→ **WHAT THIS TASK INVOLVES**
Whenever the string "from" turns up in a line below, that line should be copied.

Top of PROVIDED DATA

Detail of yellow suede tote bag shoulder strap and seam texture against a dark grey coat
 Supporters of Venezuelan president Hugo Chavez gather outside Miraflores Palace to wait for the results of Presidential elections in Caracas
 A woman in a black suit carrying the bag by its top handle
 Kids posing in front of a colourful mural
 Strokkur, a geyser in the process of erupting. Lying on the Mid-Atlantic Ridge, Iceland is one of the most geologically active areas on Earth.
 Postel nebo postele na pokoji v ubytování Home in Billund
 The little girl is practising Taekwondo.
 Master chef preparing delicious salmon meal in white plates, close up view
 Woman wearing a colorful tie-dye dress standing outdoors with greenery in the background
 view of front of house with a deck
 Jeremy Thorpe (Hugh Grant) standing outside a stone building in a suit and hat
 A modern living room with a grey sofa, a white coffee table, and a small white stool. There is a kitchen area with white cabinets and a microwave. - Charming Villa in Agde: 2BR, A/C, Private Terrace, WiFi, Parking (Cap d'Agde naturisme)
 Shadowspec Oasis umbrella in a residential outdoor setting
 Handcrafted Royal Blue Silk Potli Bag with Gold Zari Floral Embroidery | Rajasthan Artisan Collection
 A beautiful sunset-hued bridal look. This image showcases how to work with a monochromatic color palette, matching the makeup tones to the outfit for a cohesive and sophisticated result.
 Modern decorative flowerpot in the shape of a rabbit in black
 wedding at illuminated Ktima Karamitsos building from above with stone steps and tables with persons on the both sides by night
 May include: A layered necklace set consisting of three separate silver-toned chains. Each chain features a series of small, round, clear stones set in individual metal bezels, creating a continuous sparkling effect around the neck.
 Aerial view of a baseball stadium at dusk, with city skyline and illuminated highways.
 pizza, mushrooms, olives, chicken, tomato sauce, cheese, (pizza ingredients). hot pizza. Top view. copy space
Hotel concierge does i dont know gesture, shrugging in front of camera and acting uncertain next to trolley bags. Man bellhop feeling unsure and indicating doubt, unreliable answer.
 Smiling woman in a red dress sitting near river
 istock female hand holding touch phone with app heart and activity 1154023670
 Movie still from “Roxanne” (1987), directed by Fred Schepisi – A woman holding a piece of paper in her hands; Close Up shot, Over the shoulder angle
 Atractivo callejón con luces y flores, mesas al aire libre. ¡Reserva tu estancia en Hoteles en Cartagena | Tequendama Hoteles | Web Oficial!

Bottom of PROVIDED DATA

→ **EXPECTED ANSWER**
 wedding at illuminated Ktima Karamitsos building from above with stone steps and tables with persons on the both sides by night
 Movie still from “Roxanne” (1987), directed by Fred Schepisi – A woman holding a piece of paper in her hands; Close Up shot, Over the shoulder angle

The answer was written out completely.